_TASK GOAL_
Where the string "Photo" appears in a line of the material below, copy that line.

○ ○ ○ ○ ○ ○ ○

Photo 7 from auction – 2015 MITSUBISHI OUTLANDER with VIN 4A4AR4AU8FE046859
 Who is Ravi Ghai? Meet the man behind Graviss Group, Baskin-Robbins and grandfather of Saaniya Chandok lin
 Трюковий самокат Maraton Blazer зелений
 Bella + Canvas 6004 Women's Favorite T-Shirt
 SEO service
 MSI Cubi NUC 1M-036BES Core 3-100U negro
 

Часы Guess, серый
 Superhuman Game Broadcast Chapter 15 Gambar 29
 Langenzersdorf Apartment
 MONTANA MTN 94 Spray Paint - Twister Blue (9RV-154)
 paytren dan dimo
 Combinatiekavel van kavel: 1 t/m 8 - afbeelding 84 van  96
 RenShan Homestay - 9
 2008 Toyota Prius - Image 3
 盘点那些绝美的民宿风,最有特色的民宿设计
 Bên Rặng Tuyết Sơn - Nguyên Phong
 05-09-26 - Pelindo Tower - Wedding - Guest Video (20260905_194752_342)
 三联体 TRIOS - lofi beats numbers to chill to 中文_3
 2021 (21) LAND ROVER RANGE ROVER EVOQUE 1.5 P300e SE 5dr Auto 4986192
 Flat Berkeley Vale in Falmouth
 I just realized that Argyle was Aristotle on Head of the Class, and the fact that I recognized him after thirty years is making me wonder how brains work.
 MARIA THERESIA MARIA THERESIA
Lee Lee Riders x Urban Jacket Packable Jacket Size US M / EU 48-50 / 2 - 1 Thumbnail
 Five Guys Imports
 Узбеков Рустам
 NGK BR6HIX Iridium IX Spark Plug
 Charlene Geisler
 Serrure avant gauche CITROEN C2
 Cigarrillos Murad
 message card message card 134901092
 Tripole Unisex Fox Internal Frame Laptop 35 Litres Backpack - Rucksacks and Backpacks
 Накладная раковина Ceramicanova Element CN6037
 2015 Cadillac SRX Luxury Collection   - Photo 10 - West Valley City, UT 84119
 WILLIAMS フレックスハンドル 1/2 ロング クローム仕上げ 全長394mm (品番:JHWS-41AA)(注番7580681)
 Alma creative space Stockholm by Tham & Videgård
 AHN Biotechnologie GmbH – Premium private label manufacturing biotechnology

○ ○ ○ ○ ○ ○ ○

_ANSWER BOX_
Photo 7 from auction – 2015 MITSUBISHI OUTLANDER with VIN 4A4AR4AU8FE046859
 2015 Cadillac SRX Luxury Collection   - Photo 10 - West Valley City, UT 84119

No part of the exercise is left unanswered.